Peter Green, an agent at rival firm Faulkner & Faulkner, agrees. He says some properties on his patch have quadrupled in value since the start of the millennium. “We are selling anything there incredibly quickly,” says Green. “We have sold three-bedroom houses from £90,000 to £120,000, while flats in new developments are going for between £139,000 and £169,000. It obviously does carry some negative connotations, but people are increasingly prepared to buy there.”
Chris Jones, an IT consultant, is among them. He bought his Victorian three-bedroom terraced house “right in the centre” of Moss Side for £67,000 in July 2004. One of the main attractions, he says, was that he “got a lot of house” for the bargain price tag — and is now sitting on a property valued at about £95,000.
“I work in Northwich, just south of Manchester in Cheshire, but often visit customer sites around the UK, so the location is handy for the M56 and M6,” he says. “I can also walk into Manchester city centre.
“It is also close to places I’d like to buy in and I figured that the area would be gradually gentrified — so it would be a good investment.”
To Jones’s relief, he has yet to experience the area’s darker side.
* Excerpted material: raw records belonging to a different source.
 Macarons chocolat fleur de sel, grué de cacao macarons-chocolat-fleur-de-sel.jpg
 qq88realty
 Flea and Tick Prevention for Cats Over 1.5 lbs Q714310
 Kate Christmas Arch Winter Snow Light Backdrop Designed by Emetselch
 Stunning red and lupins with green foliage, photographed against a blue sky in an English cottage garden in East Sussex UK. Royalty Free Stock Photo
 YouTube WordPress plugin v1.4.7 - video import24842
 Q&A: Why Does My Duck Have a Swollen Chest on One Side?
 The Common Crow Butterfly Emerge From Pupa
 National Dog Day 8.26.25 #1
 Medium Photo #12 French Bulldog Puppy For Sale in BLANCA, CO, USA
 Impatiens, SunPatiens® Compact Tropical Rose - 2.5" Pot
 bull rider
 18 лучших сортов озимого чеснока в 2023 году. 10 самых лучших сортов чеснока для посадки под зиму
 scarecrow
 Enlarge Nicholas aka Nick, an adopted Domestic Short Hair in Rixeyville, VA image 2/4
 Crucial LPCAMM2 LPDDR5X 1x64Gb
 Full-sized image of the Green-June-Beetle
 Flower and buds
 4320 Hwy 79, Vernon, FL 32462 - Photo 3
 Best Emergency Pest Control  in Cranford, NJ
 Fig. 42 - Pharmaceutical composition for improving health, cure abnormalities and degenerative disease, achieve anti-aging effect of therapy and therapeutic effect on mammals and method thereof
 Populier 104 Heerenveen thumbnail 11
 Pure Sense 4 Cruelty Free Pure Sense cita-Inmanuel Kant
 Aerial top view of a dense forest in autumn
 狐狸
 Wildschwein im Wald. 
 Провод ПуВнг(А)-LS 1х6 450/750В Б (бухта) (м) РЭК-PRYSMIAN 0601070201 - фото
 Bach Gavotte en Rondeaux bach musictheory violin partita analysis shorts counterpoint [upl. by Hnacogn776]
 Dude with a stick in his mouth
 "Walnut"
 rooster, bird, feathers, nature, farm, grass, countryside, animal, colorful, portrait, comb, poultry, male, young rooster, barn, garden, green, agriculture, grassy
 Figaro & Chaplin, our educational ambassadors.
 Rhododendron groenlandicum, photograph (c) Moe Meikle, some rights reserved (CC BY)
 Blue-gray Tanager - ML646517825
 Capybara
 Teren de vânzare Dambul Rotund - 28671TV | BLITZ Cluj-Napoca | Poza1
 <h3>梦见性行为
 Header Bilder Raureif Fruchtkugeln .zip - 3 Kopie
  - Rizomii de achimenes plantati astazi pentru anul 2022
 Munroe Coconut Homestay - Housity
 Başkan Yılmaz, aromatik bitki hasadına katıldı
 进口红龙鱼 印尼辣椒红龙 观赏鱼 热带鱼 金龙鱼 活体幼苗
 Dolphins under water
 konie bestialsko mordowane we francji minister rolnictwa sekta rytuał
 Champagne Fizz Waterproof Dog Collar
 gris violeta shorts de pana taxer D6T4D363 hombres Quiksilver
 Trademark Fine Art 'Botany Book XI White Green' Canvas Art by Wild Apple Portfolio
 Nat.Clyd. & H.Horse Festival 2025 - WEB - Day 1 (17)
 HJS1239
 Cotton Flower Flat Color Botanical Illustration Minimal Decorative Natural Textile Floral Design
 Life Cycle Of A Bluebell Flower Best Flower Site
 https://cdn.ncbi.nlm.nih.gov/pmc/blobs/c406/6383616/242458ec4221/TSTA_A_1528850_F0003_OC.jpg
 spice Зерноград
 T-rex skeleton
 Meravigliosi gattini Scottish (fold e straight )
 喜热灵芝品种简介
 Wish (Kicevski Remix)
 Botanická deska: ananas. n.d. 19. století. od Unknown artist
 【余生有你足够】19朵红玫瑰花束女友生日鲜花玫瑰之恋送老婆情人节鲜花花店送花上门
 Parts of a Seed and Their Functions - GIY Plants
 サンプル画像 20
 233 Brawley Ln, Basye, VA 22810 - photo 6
His neighbours are friendly and, at the risk of tempting fate, he says he has yet to suffer vandalism or theft in the two and a half years since he moved in. “The reputation comes from incidents that will never affect me,” he says. “It seems to be either kids trying to make a name for themselves, or business I’m not involved in — namely crack cocaine.”
Meanwhile, Manchester continues to go from strength to strength, building on its successful hosting of the Commonwealth Games five years ago. The BBC’s decision to move swathes of its staff to Salford Quays, just north of the centre, and the government’s decision last month to grant the city a “super-casino” licence, have been seized on as proof that Manchester has overtaken rival Birmingham as England’s “second city”.
Unlike other big conurbations, though, Manchester lacks a truly affluent inner district to match Bristol’s Clifton or Birmingham’s Edgbaston. Moss Side forms part of what city officials call a “doughnut of deprivation” that separates its resurgent centre — all trams, gleaming office blocks, designer boutiques and fashionable bars — from the desirable leafy suburbs that begin at Didsbury, about five miles to the south.
A significant catalyst for change is the transformation of Manchester City’s former Maine Road ground, which lies at the heart of Moss Side. In 2003, the club relocated to the City of Manchester stadium, originally constructed for the Commonwealth Games, and the Maine Road stadium was demolished.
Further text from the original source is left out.